[Collection entries]

BEGIN

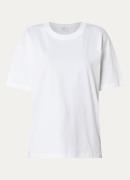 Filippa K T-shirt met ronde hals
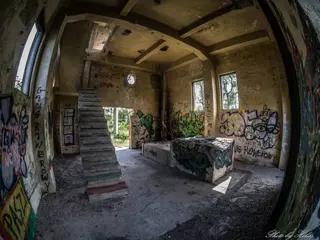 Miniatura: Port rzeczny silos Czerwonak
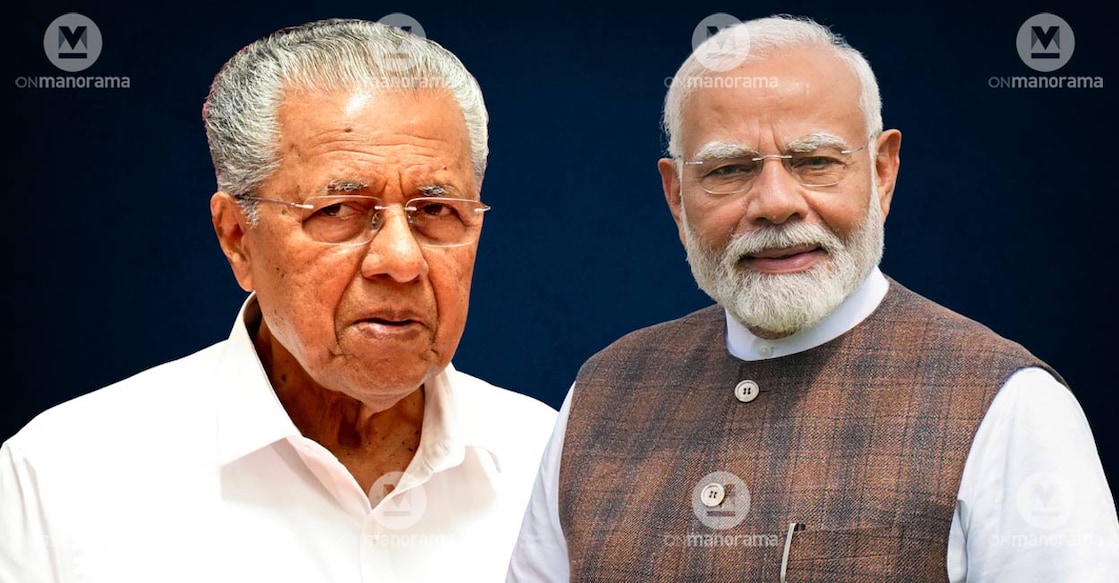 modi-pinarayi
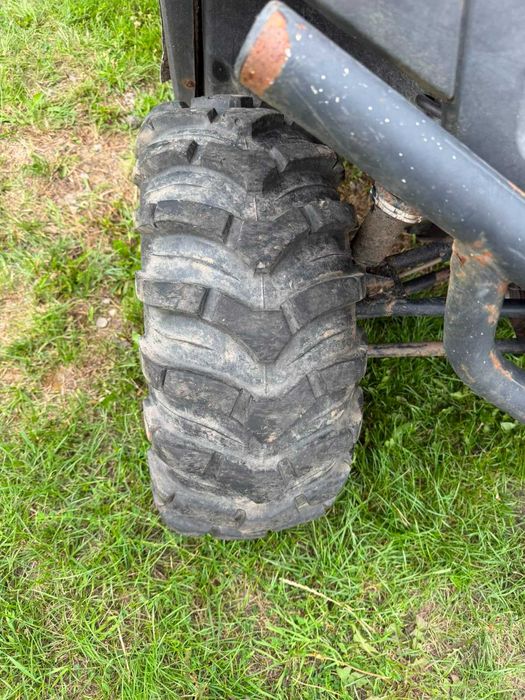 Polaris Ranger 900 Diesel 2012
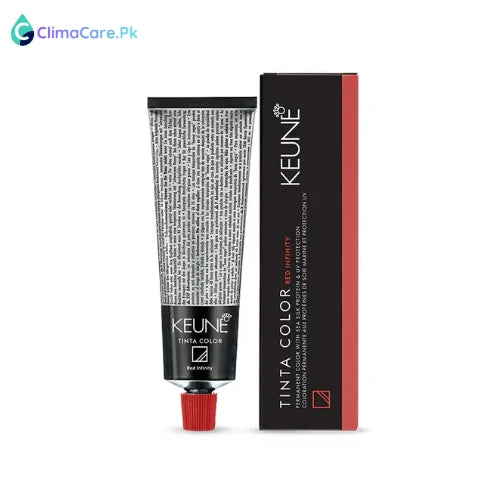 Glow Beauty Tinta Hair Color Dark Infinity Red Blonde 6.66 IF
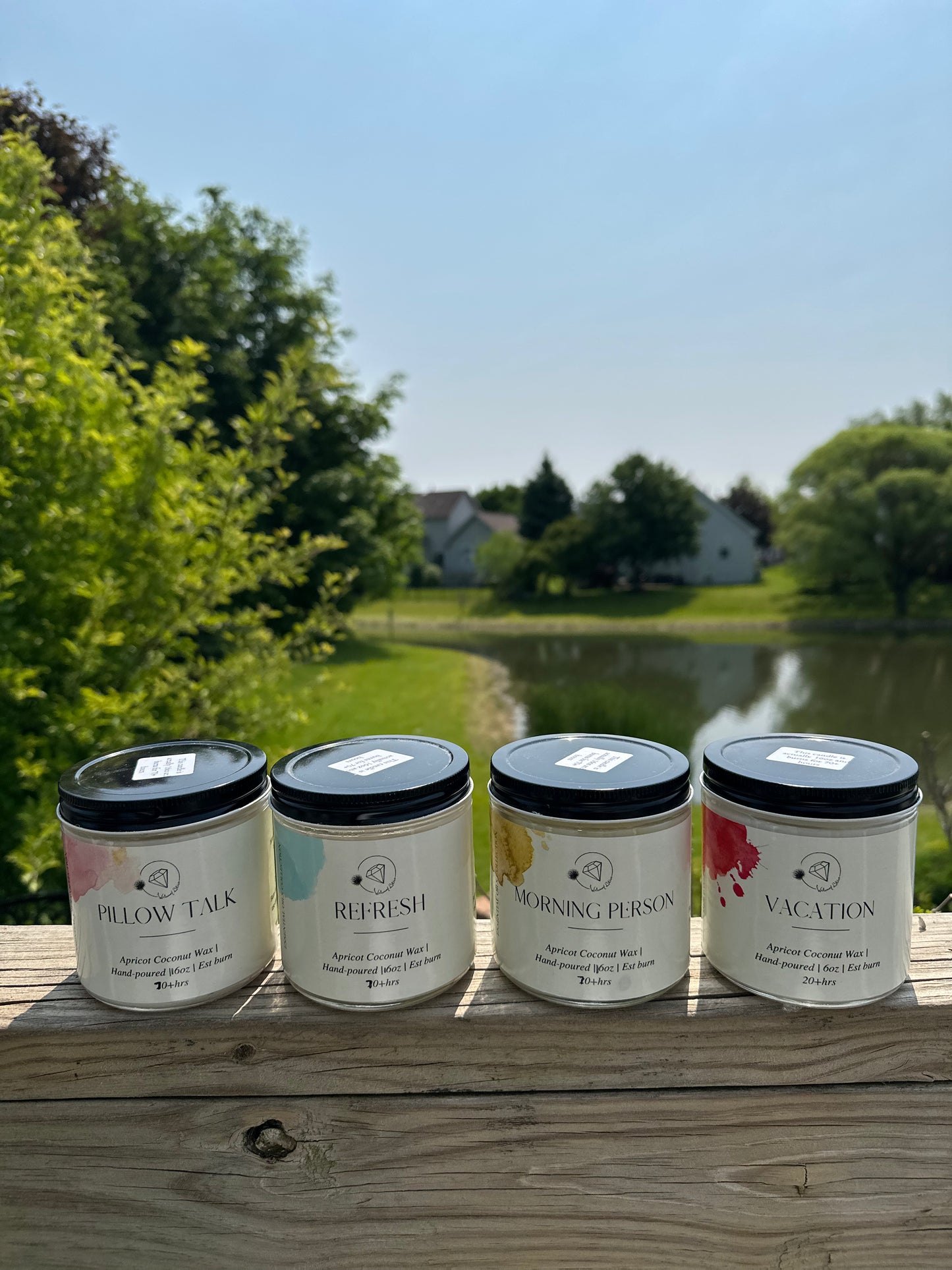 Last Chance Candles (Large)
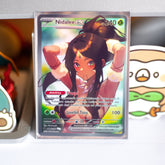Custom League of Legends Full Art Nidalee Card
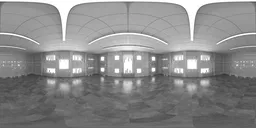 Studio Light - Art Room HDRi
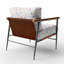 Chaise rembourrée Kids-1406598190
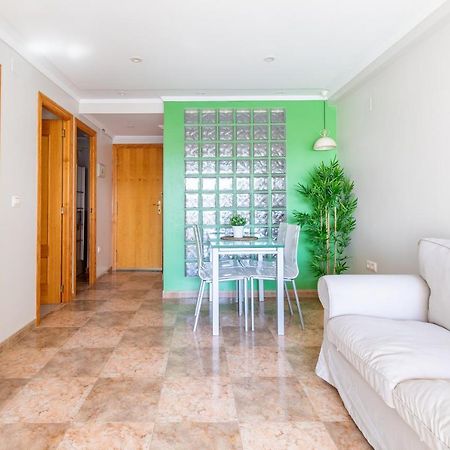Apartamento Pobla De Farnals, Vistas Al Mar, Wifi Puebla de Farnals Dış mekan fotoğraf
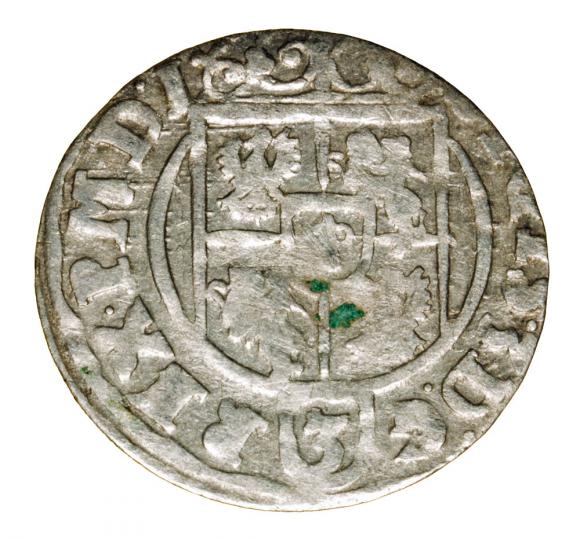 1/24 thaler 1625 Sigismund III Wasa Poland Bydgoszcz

END

**Requirement:**
Return all the data exactly, pictures omitted.

**Task output:**
 Filippa K T-shirt met ronde hals
 Miniatura: Port rzeczny silos Czerwonak
 modi-pinarayi
 Polaris Ranger 900 Diesel 2012
 Glow Beauty Tinta Hair Color Dark Infinity Red Blonde 6.66 IF
 Last Chance Candles (Large)
Custom League of Legends Full Art Nidalee Card
 Studio Light - Art Room HDRi
 Chaise rembourrée Kids-1406598190
Apartamento Pobla De Farnals, Vistas Al Mar, Wifi Puebla de Farnals Dış mekan fotoğraf
 1/24 thaler 1625 Sigismund III Wasa Poland Bydgoszcz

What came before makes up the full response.